Saving Private Ryan presents combat as savage yet clings to hope that courage, loyalty and grace can somehow make themselves known.

Saving Private Ryan, starring Tom Hanks, Tom Sizemore and Matt Damon, is directed by Steven Spielberg. Rated R for intense prolonged realistically graphic sequences of war violence, and for language.

By Peter T. Chattaway
ChristianWeek movie critic

The ads may say that Saving Private Ryan is about "the last great invasion of the last great war," but don’t let that fool you. There is nothing great about war, even if you’re fighting Nazis, and Steven Spielberg rams that point home with the same casual intensity that made Schindler’s List the Holocaust movie to end all Holocaust movies.

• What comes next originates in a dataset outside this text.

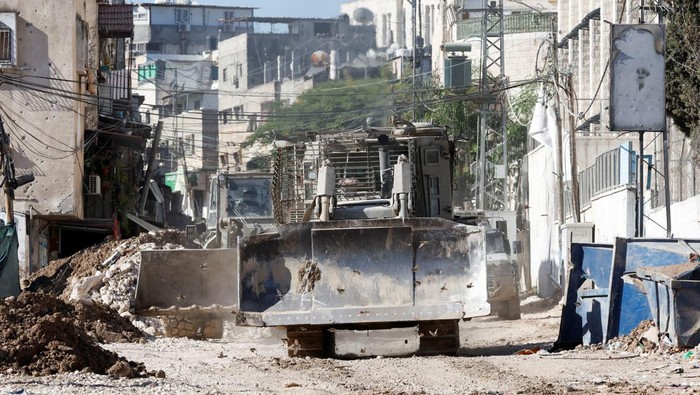 Members of the Palestine Red Crescent Society drive next to an Israeli military vehicle during an Israeli raid in Tulkarm, in the Israeli-occupied West Bank, September 12, 2024. REUTERS/Mohamad Torokman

The film begins with a harrowing half-hour sequence chronicling the invasion of Omaha Beach on D-Day. The Allied soldiers endure bad weather and choppy seas only to be gunned down en masse as soon as their boats reach the shore and let down their ramps. Jumping overboard is no solution; bullets streak through the water and hit those hiding below the waves. Those who make it ashore are shot, blown up, or forced to find their missing limbs in the sand. No one is safe...except, perhaps, for Captain John Miller. He is played by two-time Oscar-winner Tom Hanks, so we know he won’t die right away.

DAVID JAMES PHOTO
Corporal Upham (Jeremy Davies) finds himself
thrust into the war when he joins a squad of
American soldiers on a dangerous mission
behind enemy lines to find and retrieve Private
James Ryan.

That’s about the only sure thing the audience can bank on. Spielberg has culled the rest of his cast–including Tom Sizemore, Ed Burns, Adam Goldberg and Jeremy Davies–from the largely obscure world of independent films, so their fates are harder to predict.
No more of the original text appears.